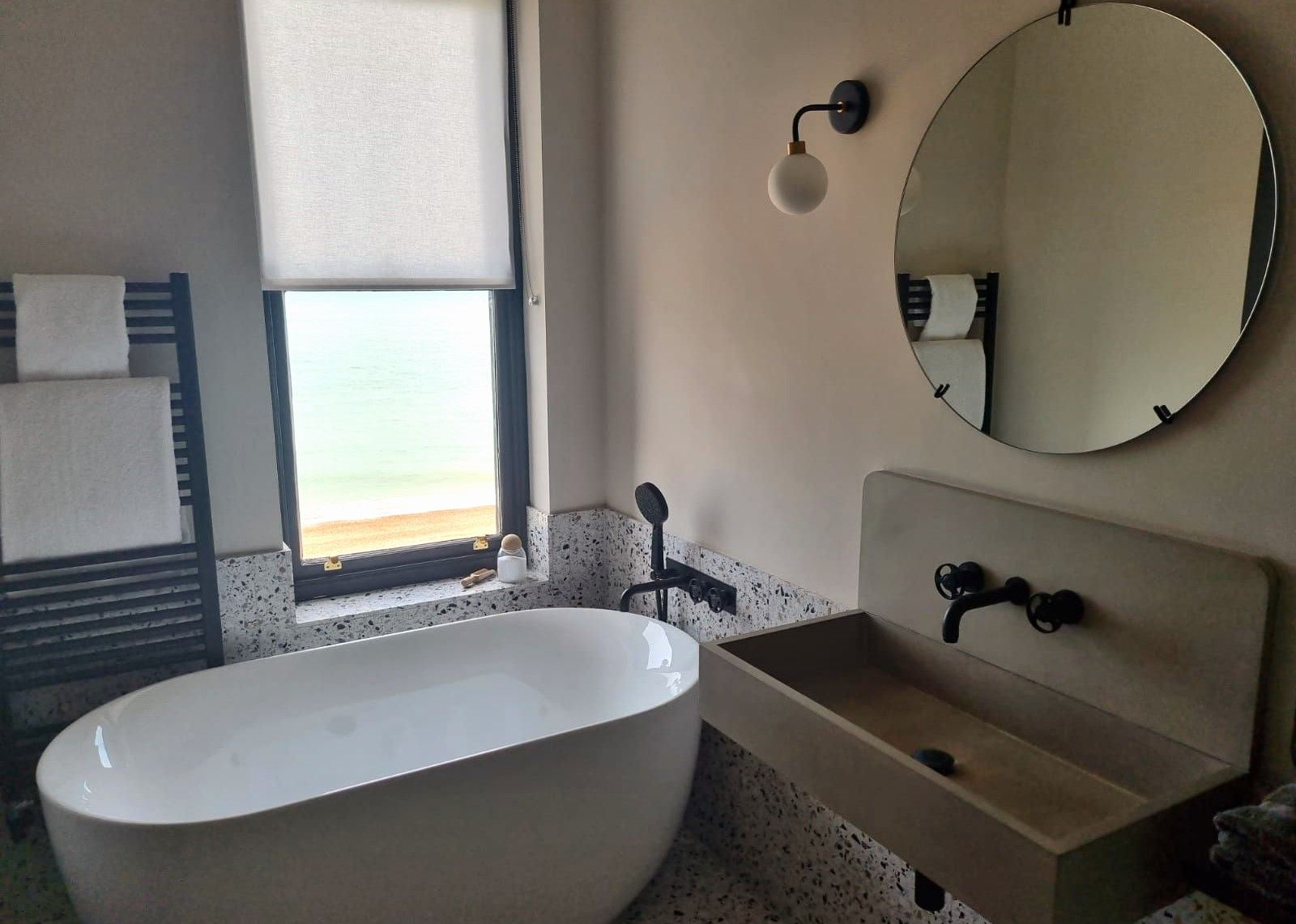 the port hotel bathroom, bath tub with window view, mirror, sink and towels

****

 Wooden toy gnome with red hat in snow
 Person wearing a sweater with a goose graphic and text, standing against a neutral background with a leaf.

****

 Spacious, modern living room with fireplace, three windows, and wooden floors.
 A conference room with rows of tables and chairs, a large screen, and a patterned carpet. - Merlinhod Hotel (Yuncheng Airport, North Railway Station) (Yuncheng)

****

- _PROBLEM TO WORK ON_
Above this instruction are the records; retype exactly the lines from the one containing "Spacious, modern living" up to and including the one containing "A conference room".

- _REPLY_
 Spacious, modern living room with fireplace, three windows, and wooden floors.
 A conference room with rows of tables and chairs, a large screen, and a patterned carpet. - Merlinhod Hotel (Yuncheng Airport, North Railway Station) (Yuncheng)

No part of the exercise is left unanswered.